Yes that's exactly what happened. I originally thought our build times were short enough that it wouldn't go over the threshold but it was. It's surprisingly easy to trigger the cpu throttling on a micro instance.
Would be nice if they could/would average out the cpu usage over a longer rolling window. That'd be perfect for a use case like this (build server) where you're idle the majority of the time but want to max out cpu during the build itself. Seems like the perfect use case for a shared server.
I've been having issues with steal time recently, but what I'm seeing isn't adequately explained by any of the articles and documentation I could find. Here is an example from one EC2 node:
For me, when the machine was under load, %steal was almost always very close to %usr. It wasn't always the same, sometimes more and sometimes less. Can anyone explain how these numbers are related to each other?
They aren't related. Steal is the ratio of how many CPU cycles were promised to your system, but that your system didn't get. User is how much CPU (of the promised maximum) your programs are using directly (i.e. not time which is spent doing system calls (IO being the big one), which falls under the system bucket).
Then why are they the same in this case? Coincidence? (I won't believe that... but unfortunately I don't have more samples right now to demonstrate the correlation).
This is pretty old, so sorry if you don't get this, but I have been seeing something similar today:
procs -----------memory---------- ---swap-- -----io---- --system-- -----cpu-----
r b swpd free buff cache si so bi bo in cs us sy id wa st
0 0 33960 44844 147332 466588 0 0 0 63 130 198 20 2 59 1 18
0 0 33960 44844 147340 466652 0 0 1 66 123 187 19 2 59 1 18
Etc.
I believe what's happening here is that the CPU cycles are being requested and subsequently stolen, and then since the system is still idle, they're re-requested and given, all in the same time period polled by the monitoring tool.
It's just a theory, but it makes sense (at least to me ;).
I use Munin on my VPSs, and it shows the steal time which is nice. I don't typically see it showing up other than a 1 pixel line on RamNode. Hopefully that doesn't change under higher loads in the future.
Steal time exists to fix a problem. When a hypervisor needs to pre-empt a running guest, without steal time, when the hypervisor eventually resumes that guest, as far as the guest can tell, the process that was running when the whole guest was pre-empted had run the entire time.
This means that if a guest is pre-empted, then CPU usage reporting in the guest becomes horribly wrong with some processes having much higher reported usage than they actually got. This affects fairness and can cause lots of bad things.
Steal time is simply a way to tell a guest that it was pre-empted. The guest OS can then use that information to correct its usage information and preserve fairness.
However, it is not a general indication of overcommit. When a guest idles a VCPU, that VCPU will be put on the scheduler queue.
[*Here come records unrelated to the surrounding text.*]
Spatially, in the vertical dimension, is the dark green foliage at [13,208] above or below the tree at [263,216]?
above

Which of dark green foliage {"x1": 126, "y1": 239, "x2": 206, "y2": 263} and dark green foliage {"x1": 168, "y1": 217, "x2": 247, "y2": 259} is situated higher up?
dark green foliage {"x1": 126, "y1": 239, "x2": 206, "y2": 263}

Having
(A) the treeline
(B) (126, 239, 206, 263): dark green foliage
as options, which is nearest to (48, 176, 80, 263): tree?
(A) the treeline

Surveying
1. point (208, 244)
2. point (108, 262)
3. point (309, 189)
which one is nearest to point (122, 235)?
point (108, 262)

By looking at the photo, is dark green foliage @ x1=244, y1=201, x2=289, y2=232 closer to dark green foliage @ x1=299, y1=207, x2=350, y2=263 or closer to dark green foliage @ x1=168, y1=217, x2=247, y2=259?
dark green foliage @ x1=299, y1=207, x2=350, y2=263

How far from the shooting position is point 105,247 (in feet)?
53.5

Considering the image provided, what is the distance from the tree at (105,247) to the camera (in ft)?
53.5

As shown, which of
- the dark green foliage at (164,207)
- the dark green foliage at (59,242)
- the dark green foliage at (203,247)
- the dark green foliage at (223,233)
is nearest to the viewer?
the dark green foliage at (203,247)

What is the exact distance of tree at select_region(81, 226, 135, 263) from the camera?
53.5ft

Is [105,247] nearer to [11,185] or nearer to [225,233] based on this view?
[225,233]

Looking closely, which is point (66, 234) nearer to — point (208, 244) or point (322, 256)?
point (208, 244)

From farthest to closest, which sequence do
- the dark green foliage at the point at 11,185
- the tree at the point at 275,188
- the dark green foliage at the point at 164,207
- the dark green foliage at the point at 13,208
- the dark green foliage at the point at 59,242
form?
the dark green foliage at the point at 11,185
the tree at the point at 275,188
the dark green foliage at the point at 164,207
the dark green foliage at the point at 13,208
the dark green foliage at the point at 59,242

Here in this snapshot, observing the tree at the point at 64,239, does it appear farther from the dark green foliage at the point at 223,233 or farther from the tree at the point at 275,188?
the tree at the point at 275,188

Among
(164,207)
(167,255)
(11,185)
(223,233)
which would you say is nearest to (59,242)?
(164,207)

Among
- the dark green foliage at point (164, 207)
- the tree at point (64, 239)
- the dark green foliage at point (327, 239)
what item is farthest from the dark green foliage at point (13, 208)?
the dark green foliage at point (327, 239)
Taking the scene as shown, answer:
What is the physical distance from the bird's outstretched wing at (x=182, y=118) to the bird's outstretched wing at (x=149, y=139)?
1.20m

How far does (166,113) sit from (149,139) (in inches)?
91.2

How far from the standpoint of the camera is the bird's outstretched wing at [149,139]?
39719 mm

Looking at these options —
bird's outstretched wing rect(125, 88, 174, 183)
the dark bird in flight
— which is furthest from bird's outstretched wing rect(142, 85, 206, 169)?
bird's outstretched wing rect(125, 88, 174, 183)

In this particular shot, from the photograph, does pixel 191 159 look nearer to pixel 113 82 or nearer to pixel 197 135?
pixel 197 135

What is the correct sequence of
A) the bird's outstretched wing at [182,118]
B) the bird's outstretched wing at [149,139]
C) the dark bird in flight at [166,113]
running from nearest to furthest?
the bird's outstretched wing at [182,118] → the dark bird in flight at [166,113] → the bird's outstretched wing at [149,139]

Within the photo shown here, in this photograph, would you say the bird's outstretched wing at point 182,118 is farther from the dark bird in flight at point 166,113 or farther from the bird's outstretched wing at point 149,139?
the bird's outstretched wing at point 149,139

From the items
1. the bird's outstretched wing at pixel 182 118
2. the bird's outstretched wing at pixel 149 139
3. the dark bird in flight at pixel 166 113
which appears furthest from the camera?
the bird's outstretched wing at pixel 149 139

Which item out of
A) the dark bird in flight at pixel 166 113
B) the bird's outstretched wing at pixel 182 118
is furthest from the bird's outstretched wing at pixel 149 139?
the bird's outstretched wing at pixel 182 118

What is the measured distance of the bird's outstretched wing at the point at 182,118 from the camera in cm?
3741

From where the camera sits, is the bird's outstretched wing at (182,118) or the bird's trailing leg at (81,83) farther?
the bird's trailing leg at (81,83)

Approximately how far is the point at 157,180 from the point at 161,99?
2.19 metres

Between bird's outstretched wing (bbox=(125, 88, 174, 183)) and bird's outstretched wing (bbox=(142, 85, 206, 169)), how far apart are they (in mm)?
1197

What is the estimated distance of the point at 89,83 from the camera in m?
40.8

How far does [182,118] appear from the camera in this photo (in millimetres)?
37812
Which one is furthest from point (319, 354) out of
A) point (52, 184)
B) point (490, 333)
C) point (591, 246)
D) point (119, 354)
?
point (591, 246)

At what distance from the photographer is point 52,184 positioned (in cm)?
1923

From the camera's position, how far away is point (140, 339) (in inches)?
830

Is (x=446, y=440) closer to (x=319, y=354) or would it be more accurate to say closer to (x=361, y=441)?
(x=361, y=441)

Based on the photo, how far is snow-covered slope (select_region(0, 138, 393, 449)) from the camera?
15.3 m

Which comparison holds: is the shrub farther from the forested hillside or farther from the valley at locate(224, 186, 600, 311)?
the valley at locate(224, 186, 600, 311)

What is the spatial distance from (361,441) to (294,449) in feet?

It may receive an event that would normally cause it to awaken the VCPU however if the system is overcommitted, it may take much longer for the VCPU to be woken up.
Most clouds are designed to allow multiple VCPUs per physical CPU too and there certainly is capping in place. You can still see steal time even though you are getting your full share.
Let me give an example:
1) You are capped at 50%. You run for your full 50%, go idle, the hypervisor realizes you've exhausted your slice, and doesn't schedule you until the next slice. No steal time is reported.
2) You are capped at 50%. You have a neighbor attempting to use his full time slice. Instead of getting to run for the first half of your slice with the neighbor running for the second half, the hypervisor carves up the slice into 10 slots and schedules you both in alternative slots. Both guests see 50% steal time.
You will get the same performance in both scenarios even though the steal time is reported differently.